A vacuum is not always the classic vacuum that lives in residential closets and gets taken out to suck up cat hair, dog fur and spilled cereal. Some vacuums are used in much more scientific applications, employing the same general idea as commercial vacuums but in a very different way. The phrase “perfect vacuum” refers to the pressure difference between absolute pressure and the atmosphere. Perfect vacuum is a standard that the absolute pressure is built upon, creating a measurement by way of and through the perfect vacuum. It involves space, but not the sucking up kind.
Absolute pressure sensors utilize the perfect vacuum formula for the final read out translation and also utilize all the classic pressure sensor elements as well.

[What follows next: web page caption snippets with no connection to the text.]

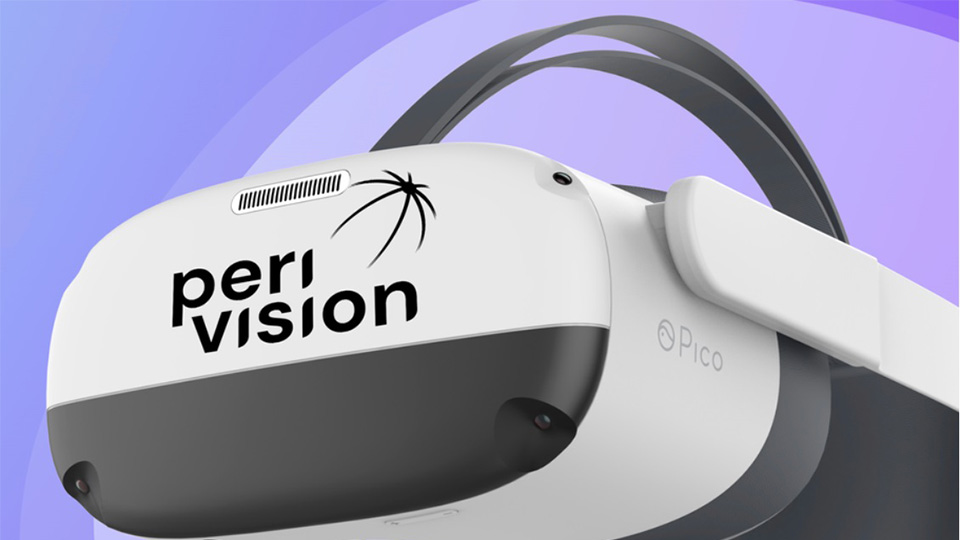VR for visual fields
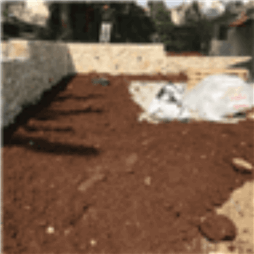תעודה של דקל הגינה היפה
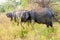 Sri Lankan elephants Elephas maximus maximus in Uda Walawe National Park, Sri Lan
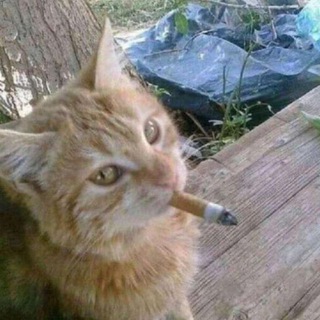 Курилка 🚬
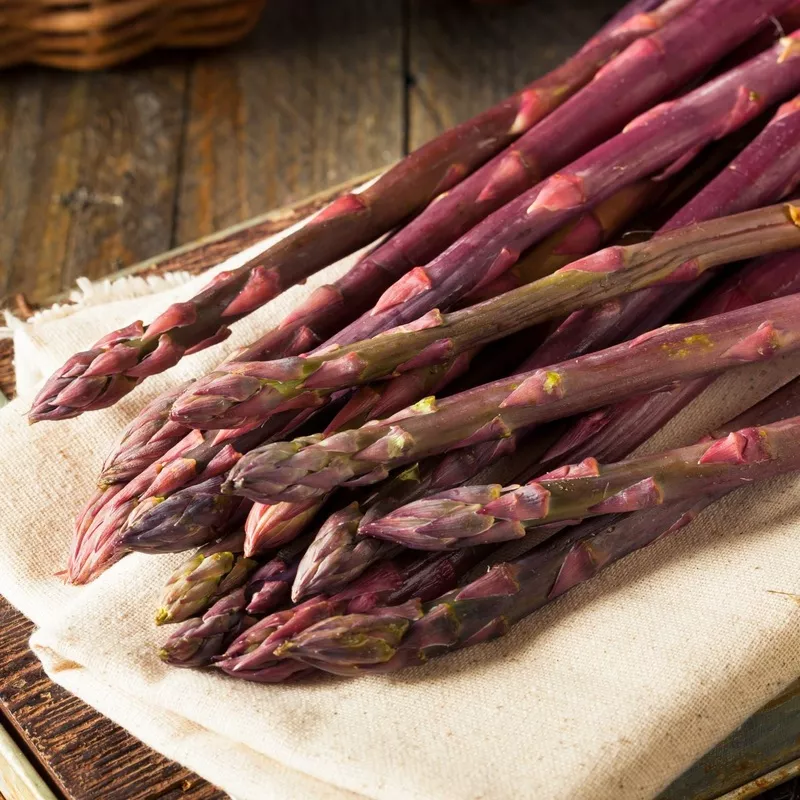 Asparagus – Purple Passion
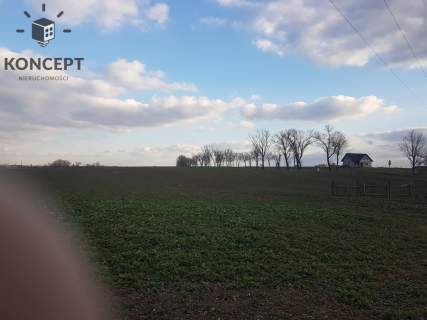 Działka budowlana w Piotrowicach na sprzedaż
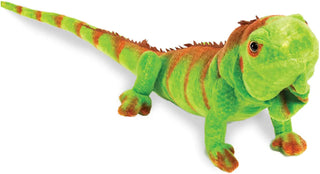 Real Planet Iguana Green 30"
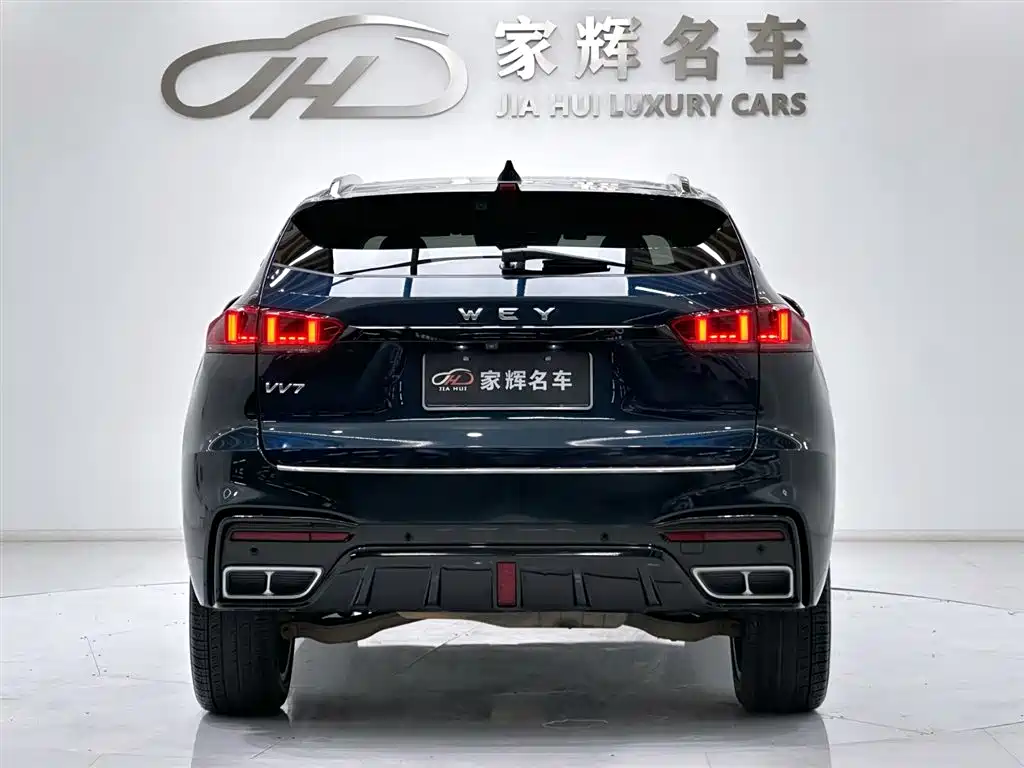 WEI PAI WEI BRAND VV7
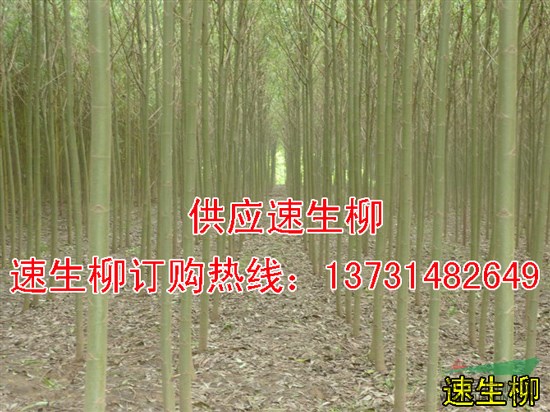 2016年河北哪里速生柳最便宜？哪里速生柳價格最低？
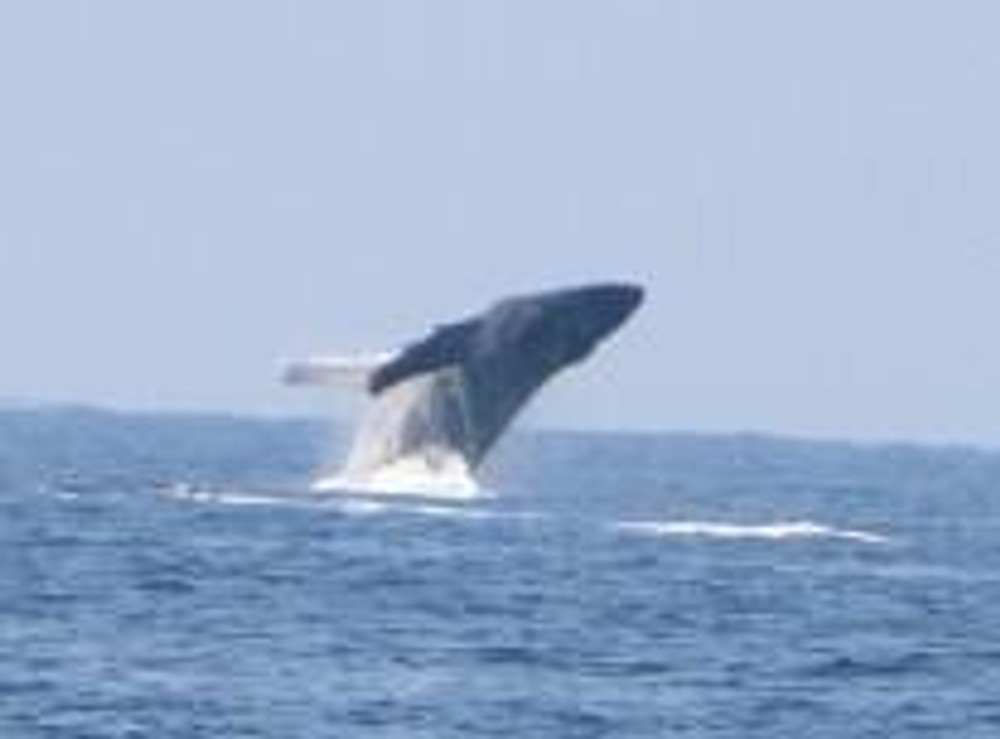Whale Watch OE3 Adventure in Kailua-Kona, Hawaii - Kailua-Kona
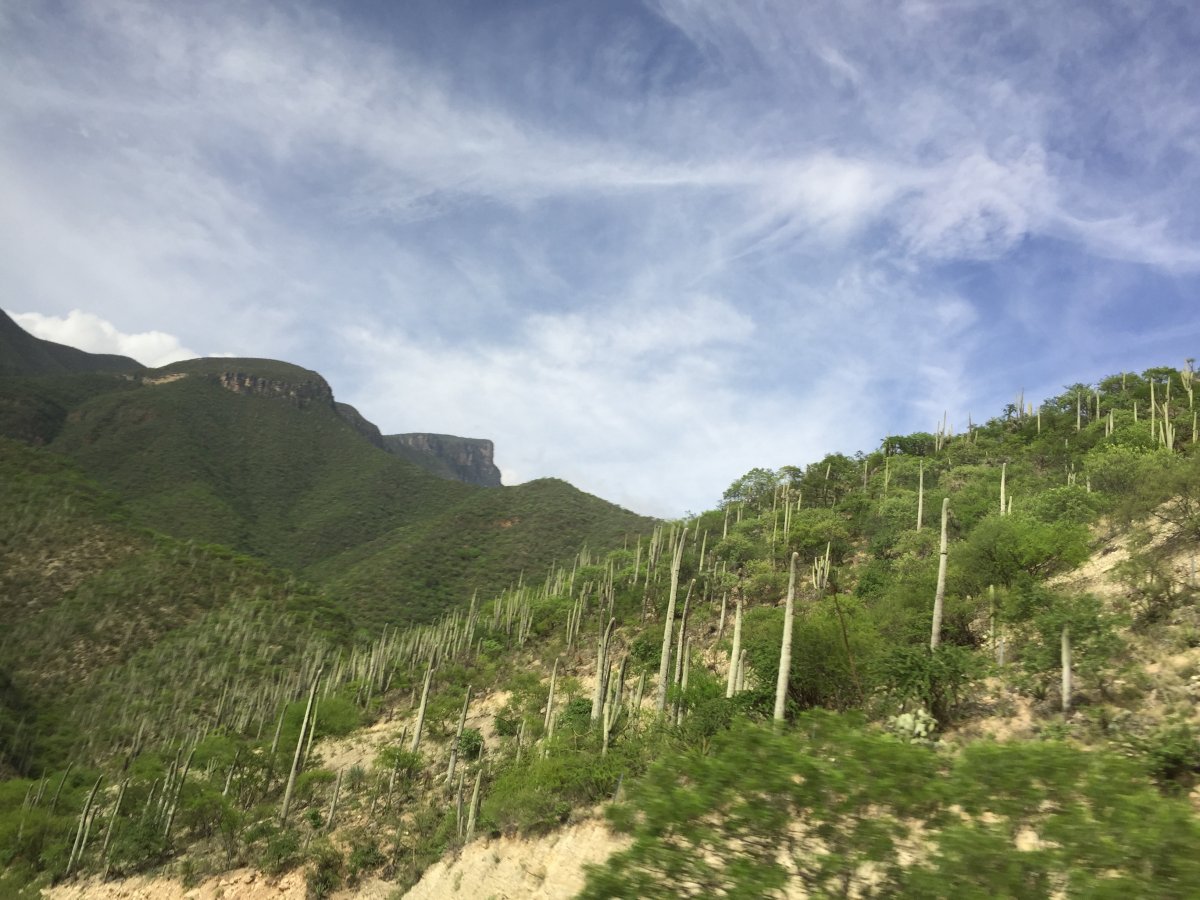 The Sierra Sur mountain range.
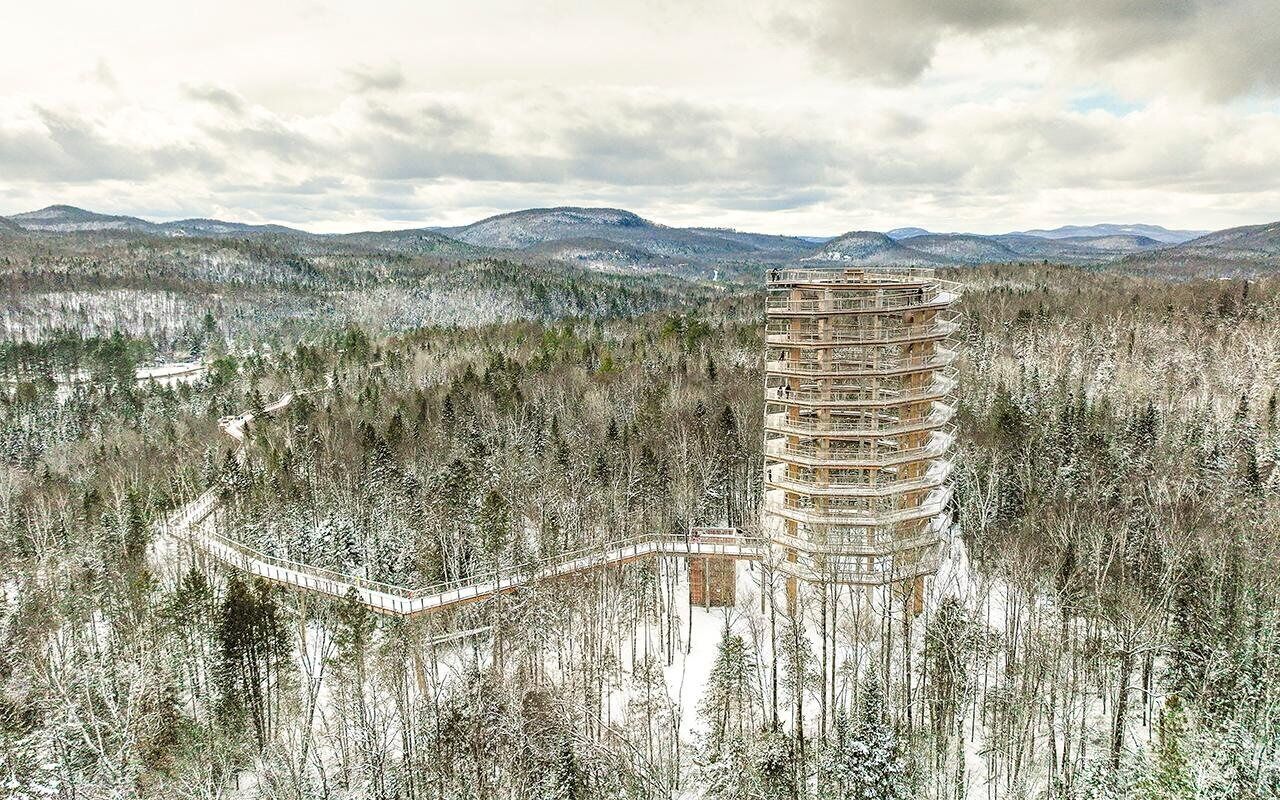 Sentier des cimes Laurentides: Treetop Observatory & Walk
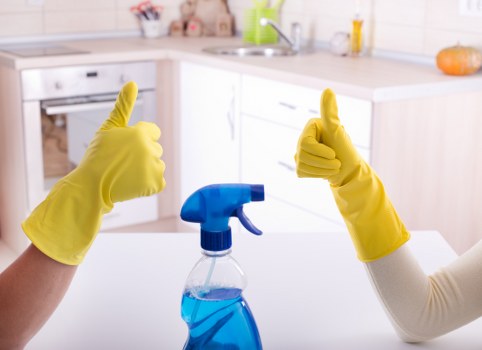 Move out cleaning of a bright living room with dust-free surfaces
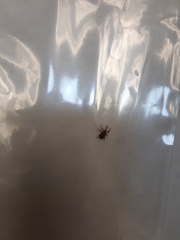 Anthonomus quadrigibbus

For example, pressure transducers are the pressure sensor part that translates the signal from the liquid or gas flow into a readable display for a human worker to read and record. The signal is picked up by sensors immersed within or placed directly outside of the substance being measured, which are also attached to the transducer and display face. Often made from metallic material that is durable and resistant to water and chemical corrosion, absolute pressure sensors are also often covered in plastic in parts. The display screen may be a gauge, digital screen or other view that is readable by maintenance workers.
The perfect vacuum is a concept that is only incorporated into the system of absolute pressure sensors, which are one of five major pressure sensor categories. The type of measurement is very useful in a variety of industries, including chemical processing, waste water recovery facilities, medical environments, automotives and aircrafts, as well as many others. Basically, any industry that has something to do with flowing fluid or gas requires some sort of pressure transducer to keep tabs on the process, and absolute pressure sensors are at the top of the list as far as accuracy goes.